LLMs read text from images now. So why ship a Machine Learning OCR model?
Because the receipt your reconciliation job processed last night will be processed again next quarter, and the totals had better match. A GPT-class vision model can hallucinate a 5 into an 8, drop a decimal, or reorder line items the second time you ask. Cloud OCR also costs money per page, leaks the document outside your network, and breaks the moment the vendor deprecates a model id.
I maintain ppu-paddle-ocr, an open-source TypeScript SDK for PaddleOCR. It runs the PP-OCRv5 family directly on ONNX Runtime in Node.js, Bun, Deno, the browser, and browser extensions, with the same package and the same API. This post walks through what that buys you, how it compares against the official PaddleOCR JS SDK, Tesseract.js, and LLM OCR, and what is shipping next.
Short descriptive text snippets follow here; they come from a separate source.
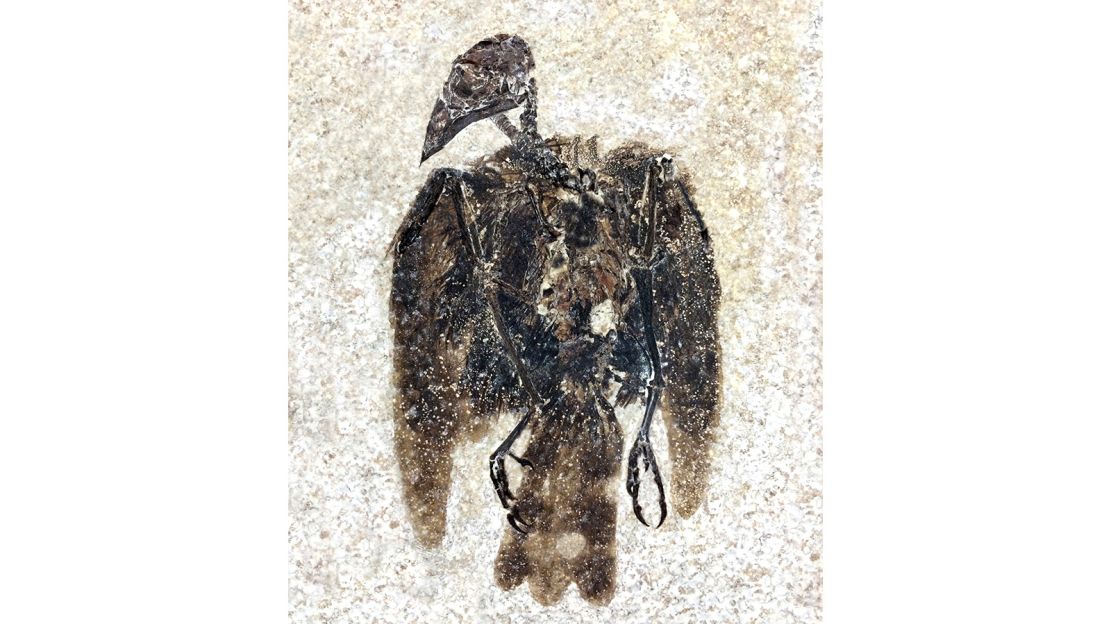 The first-known perching bird fossil.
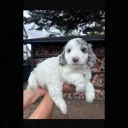 Cockapoo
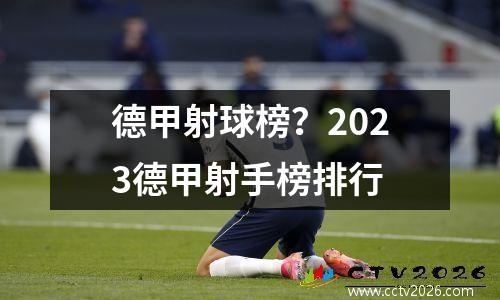 德甲射球榜？2023德甲射手榜排行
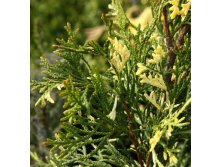 106,7.  Thuja occidentalis Spotty Smaragd.jpg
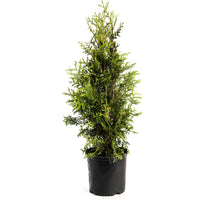 Thuja Green Giant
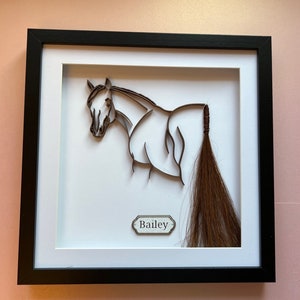 Personalised Custom Dory Design, Horse Silhouette Memorial Frame using your horses Tail Hair Framed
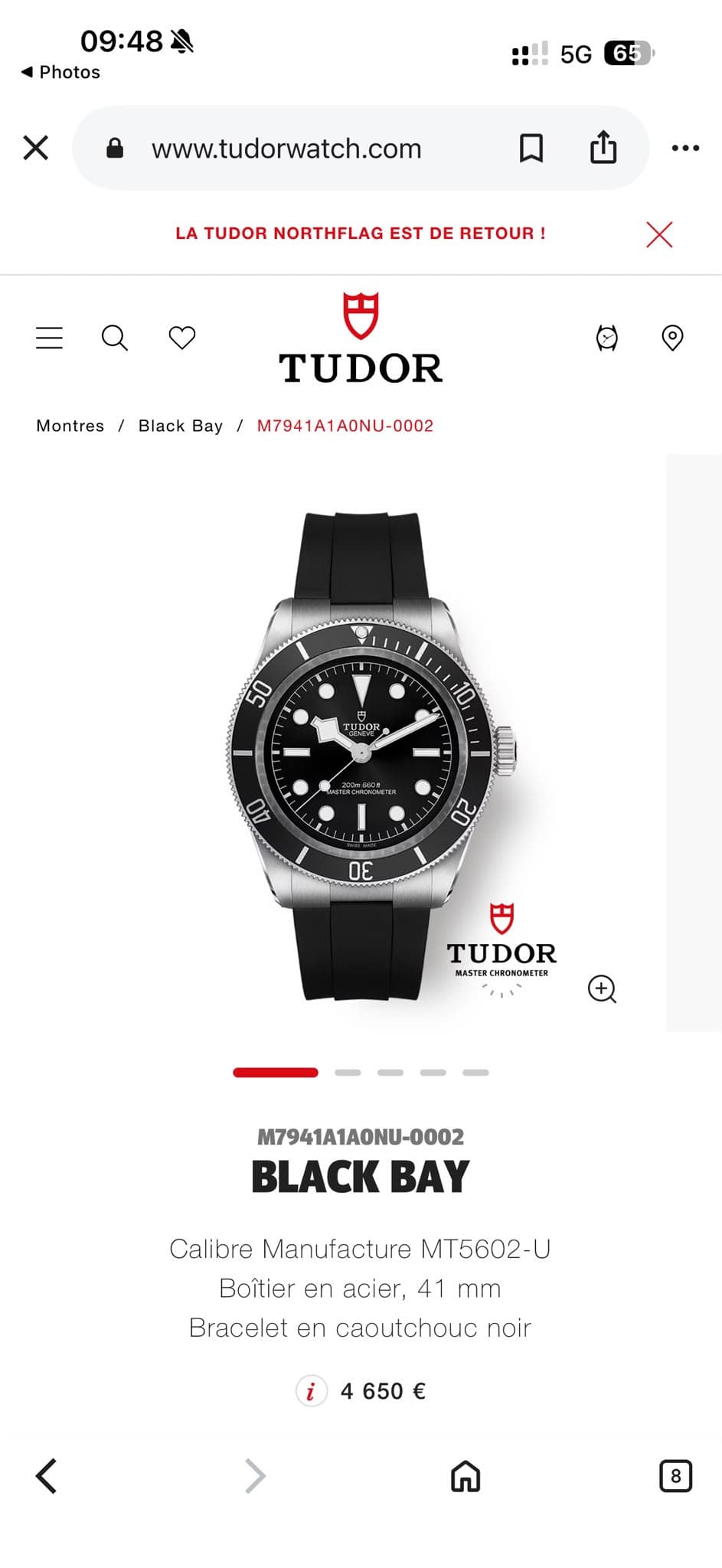 Tudor Black Bay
Why deterministic OCR still matters in the LLM era
Production pipelines need three properties that LLM OCR fights against:
-
Reproducibility. Run the same image through the same code on Monday and Friday and get the same string. PP-OCRv5 detection plus recognition is a pair of fixed convolutional and transformer graphs. The output of
recognize("./receipt.jpg")does not drift between calls. -
Auditability. When a downstream system extracts
$42.50from a receipt, a finance team can point at the model version, the input image, and the bounding box that produced that string. LLMs give you a paragraph of free-form text and no box geometry. - Latency and cost. A single receipt takes roughly 190 ms on an M1 with no GPU and zero network calls. The equivalent vision-LLM round trip is two orders of magnitude slower and costs real money per thousand pages.
LLM OCR is great for one-off semantic extraction (give me the vendor name, summarize this contract). It is the wrong tool for "ingest a million invoices a month and never disagree with yourself."
How the JavaScript OCR landscape compares
A quick tour of the alternatives:
-
The official PaddleOCR JS SDK (
@paddlejs-models/ocr) runs only in the browser, uses an older PP-OCRv4 graph through paddlejs, and was last touched years ago. You cannot drop it into a Node service. - Tesseract.js ships LSTM-based models from a 20-year-old engine. Accuracy on receipts and modern fonts trails PP-OCRv5 by 5 to 15 character points, and there is no per-line batching, no WebGPU, and no built-in support for non-Latin scripts beyond pre-baked language packs.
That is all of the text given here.